Hobbes and Locke were the English philosophers who attempted to explain the foundations and role of government in human society, contributing to social contract theory development. They opposed each other in their political and philosophical beliefs. Locke was committed to the ideas of liberalism, while Hobbes is considered a conservative theorist. This paper aims to discuss Hobbes’s and Locke’s opposing views of human nature and social order.
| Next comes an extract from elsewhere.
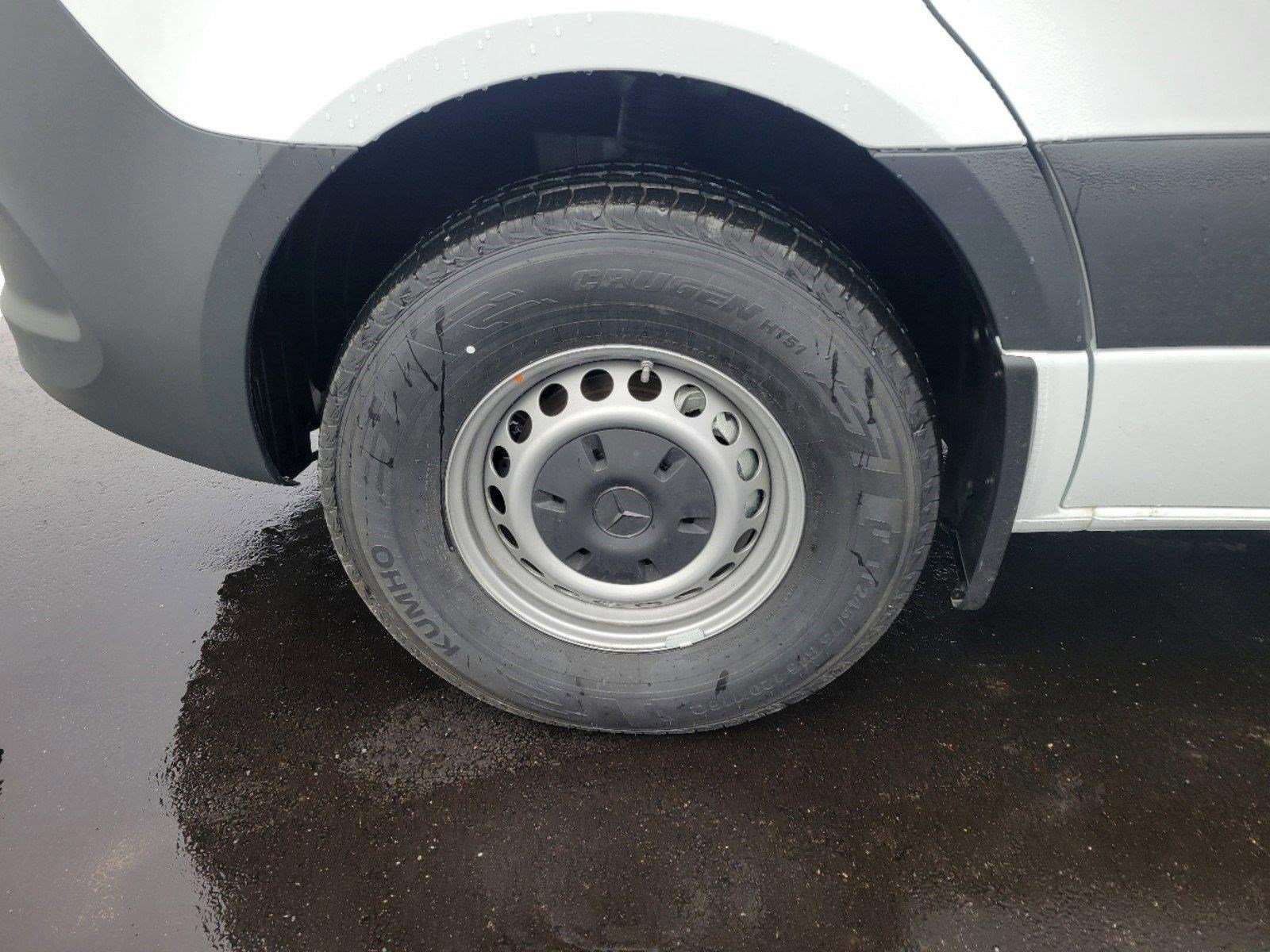 2025 MERCEDES-BENZ SPRINTER - Image 3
Who Supports Individual Determination
Locke’s political theory is individualistic as it is based on the theory of individuals’ natural rights. In this regard, Locke’s beliefs contributed to the development of modern Western philosophy and political liberalism (“John Locke Biography”). The concepts of natural law and rights play a significant role in the Lokean approach to individual determination. The philosopher believed that the preservation of humankind is the primary natural law, which determines the equality of all individuals in their natural rights. In other words, every person’s actions should be based on the law of reason, and every individual should be determined to preserve their natural rights as long as they do not threaten others’ liberties. Hence, respect for the rights of others constitutes the blueprint of the Lokean view of individualism and social order. In turn, the formation of governments is viewed as the result of a society’s agreement; however, people can overthrow the government if their natural rights are being violated. Locke’s ideas contributed to the establishment of America’s First Principle by the Founding Fathers.
Who Supports the Idea to Obey Government Strongly
Hobbes’s political philosophy and views on social order considerably differ from Locke’s principles. The striking difference lies in the approach to human nature. Hobbes believed that “the state of nature” was a cruel and brutal place without authority to regulate people’s actions (“Political Theory” 00:04:12-00:04:18). The natural state for every individual in the state of war is aimed at survival and the protection of personal interests. Hence, Hobbes argued that a social contract reflects the agreement between society and the government. The philosopher viewed absolutism as the only right model to maintain the social order and protect people from the chaotic natural state. Therefore, according to Hobbes, people should firmly obey the government that places limitations on their actions. In this regard, Hobbes claimed that security, which is ensured by the government, is more important than liberty.
Hobbes’s and Locke’s Ideas and Democracy
Democracy refers to a political system based on the collective decision-making process with the equal influence of participants on the outcome. In other words, democracy ensures the principles of equality, opportunity, and recognition of dignity for every individual when significant decisions are made by many. In this regard, Hobbes’s ideas do not recognize democracy as an efficient means of maintaining social order; instead, Hobbes believed in an absolute monarchy. On the contrary, Locke’s ideas supported democratic principles as they emphasized life, liberty, and property as fundamental human rights. However, the concept is complex, and the state of real democracy is somewhat utopian. People know they live in a true democracy when efficient power-sharing is divided among all the citizens, and equality is guaranteed.
To sum up, Hobbes’s and Locke’s ideas of human nature and social order oppose each other. Hobbes believed in the need for individuals to give up on some liberties in exchange for security ensured by the government. In turn, Locke supported democracy, and his beliefs influenced the foundation of the American political ideology by the Founding Fathers. However, both politicians contributed to the global discourse on social order.
“John Locke Biography.” Biography, 2020, Web.
“Political Theory – Thomas Hobbes.” YouTube, 2015, Web.